Omg I def was not. I wasn't that drunk. I showed that I stuff my bra but I didn't whip my tit out.
Do they fuck in the end of "Lady and the Tramp" or am i just wasting my time
I'm gonna keep this simple. I threw up in your pillow case. Sorry.
I cleared a drunken path to my bed for you. If you hit clothes you've gone too far.
there's a picture of you and pauly shore at a starbucks on my phone
We used the solo cup bag for her hair tie. Desperate times call for desperate measures.
She makes me want to eat babies and throw kittens in pots of boiling water.
You should have. Partying with 60 year olds and batman is so much better than partying with bitches our age.

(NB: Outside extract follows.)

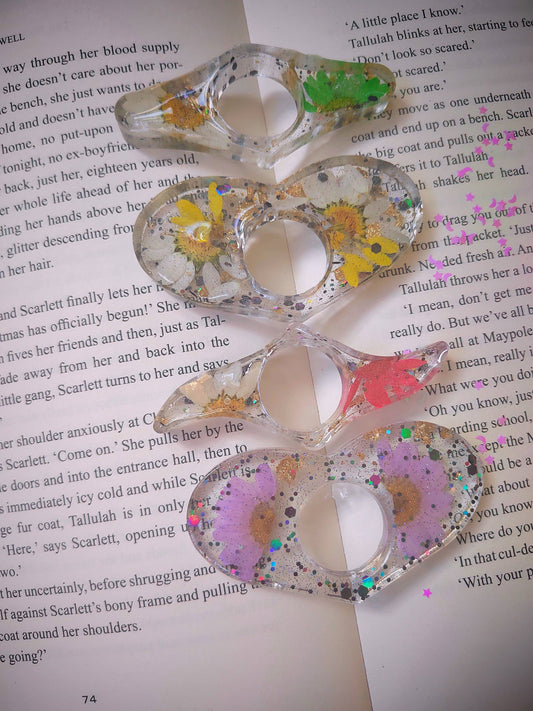 Resin floral page holder, flower bookmarks, resin bookmark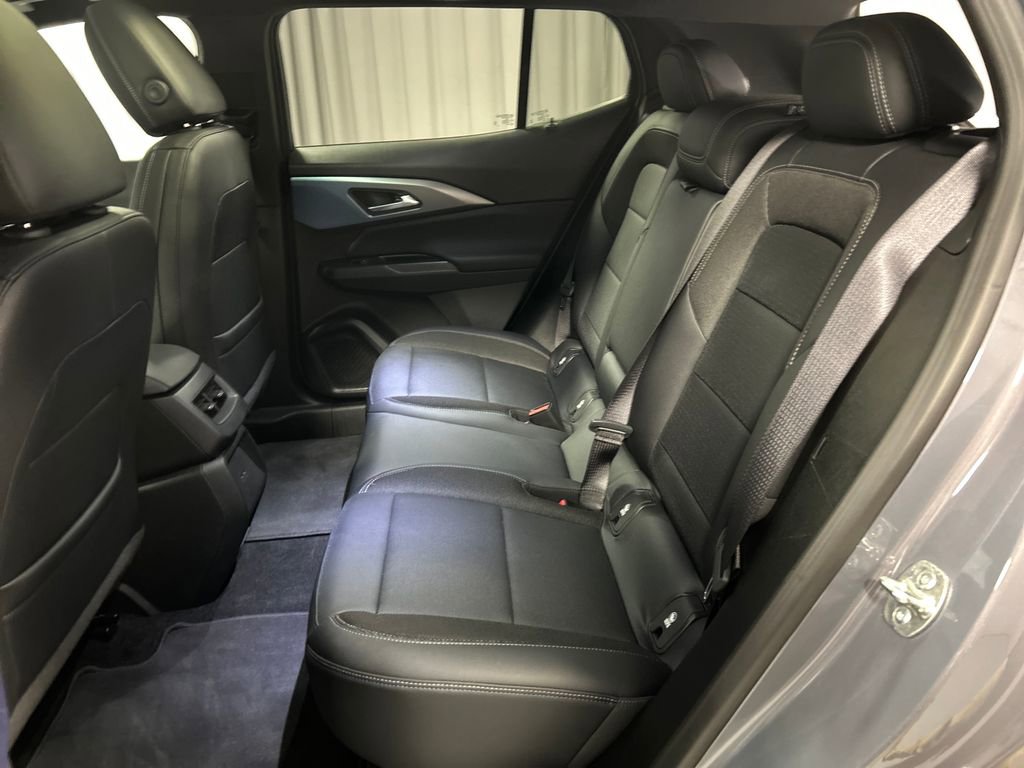 Used 2025 Chevrolet Equinox EV LT w/ Convenience Package FWD image 24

blowjobs from left handed girls are noticably better than from righties. these are the most important things I've learned this semester
Ok let me just clear up this blowjob thing first so we can talk about your grandpa
We can stop fighting if you send me a picture of your dick standing at full attention wearing a sock.
I'll wait.
It can also be a hat.
A warmed up burrito and jelly beans. The breakfast of champions.
I just went on etsy and my personalized suggestions on the page were either kinky sex restraints or baby things. I feel like etsy just summarized my life.
If I die at work, I want you to have my mustache collection
It's like a donut of clothes around a pair of heels. Like they were transported to another dimension naked.